- [What is needed] Could the data below please be reproduced word for word, without the pictures?

- [The input]
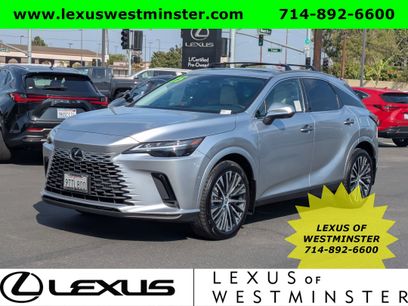 Certified 2025 Lexus RX 350 w/ Convenience Package
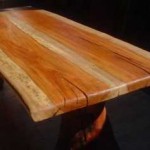 mesa de madeira rústica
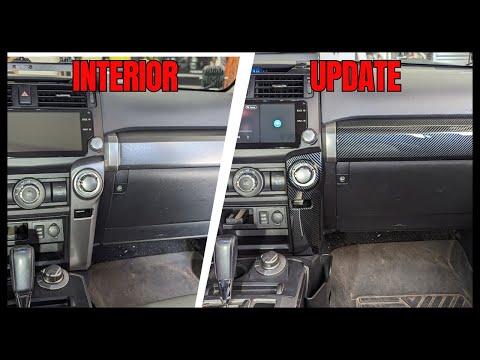 4Runner Interior Upgrades - Simple and Inexpensive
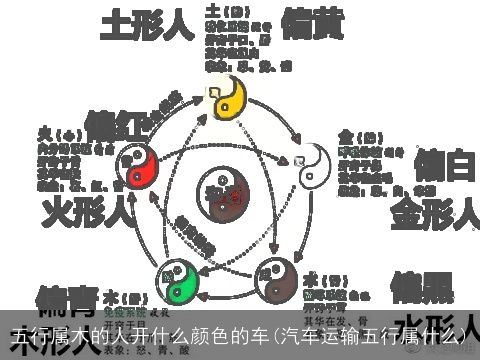 五行属木的人开什么颜色的车(汽车运输五行属什么)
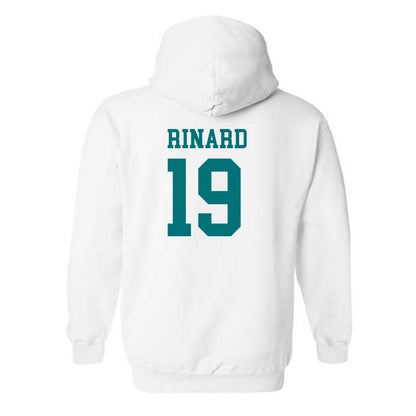 Coastal Carolina - NCAA Women's Volleyball : Anzley Rinard - Classic Shersey Hooded Sweatshirt-1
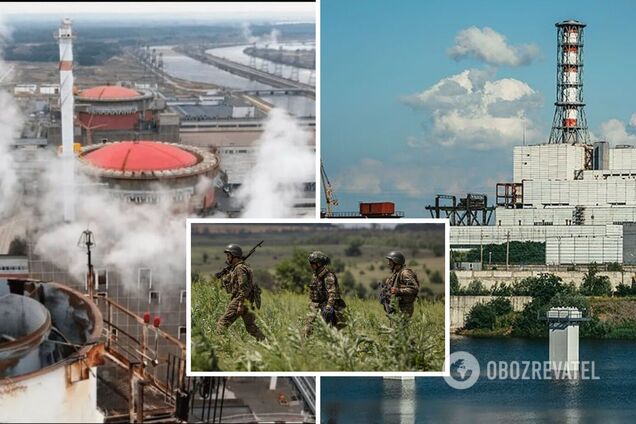 Оккупанты продолжают минирование ЗАЭС и объектов на территории станции – ГУР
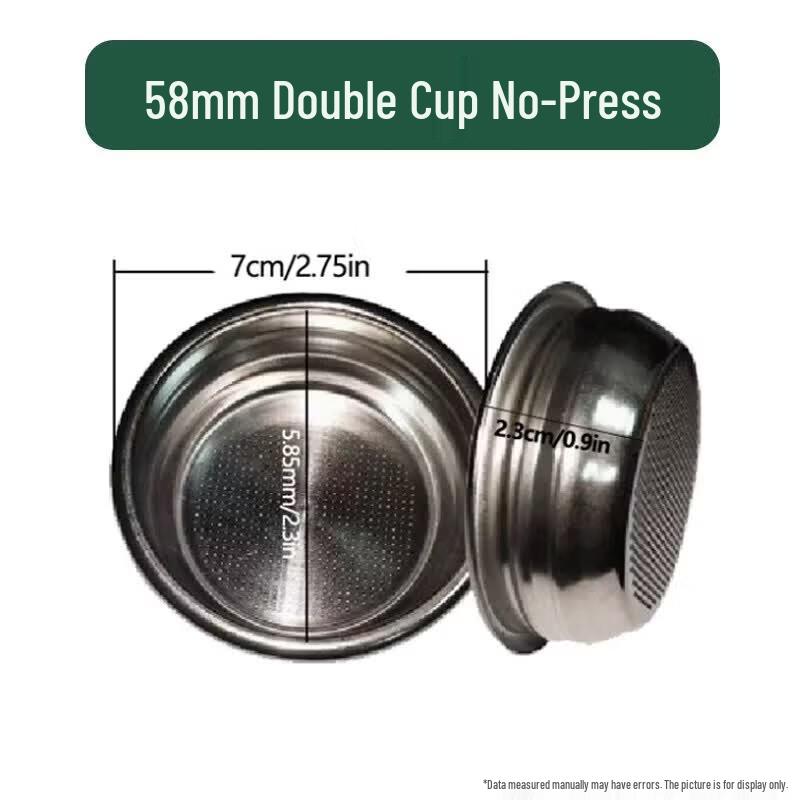 Espresso Portafilter Baskets & Accessories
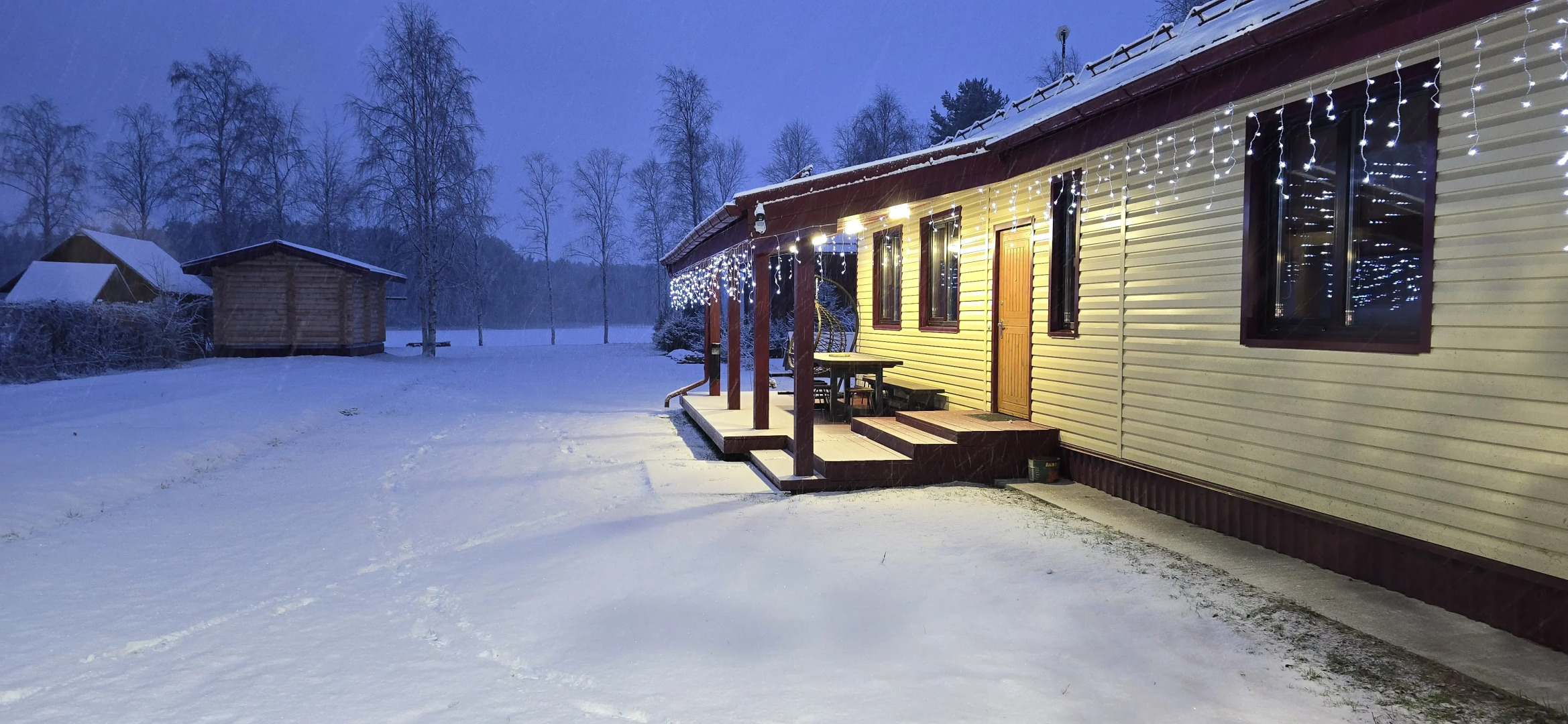 Частный дом Домик в деревне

- [Response for this exercise]
 Certified 2025 Lexus RX 350 w/ Convenience Package
 mesa de madeira rústica
 4Runner Interior Upgrades - Simple and Inexpensive
 五行属木的人开什么颜色的车(汽车运输五行属什么)
 Coastal Carolina - NCAA Women's Volleyball : Anzley Rinard - Classic Shersey Hooded Sweatshirt-1
 Оккупанты продолжают минирование ЗАЭС и объектов на территории станции – ГУР
 Espresso Portafilter Baskets & Accessories
 Частный дом Домик в деревне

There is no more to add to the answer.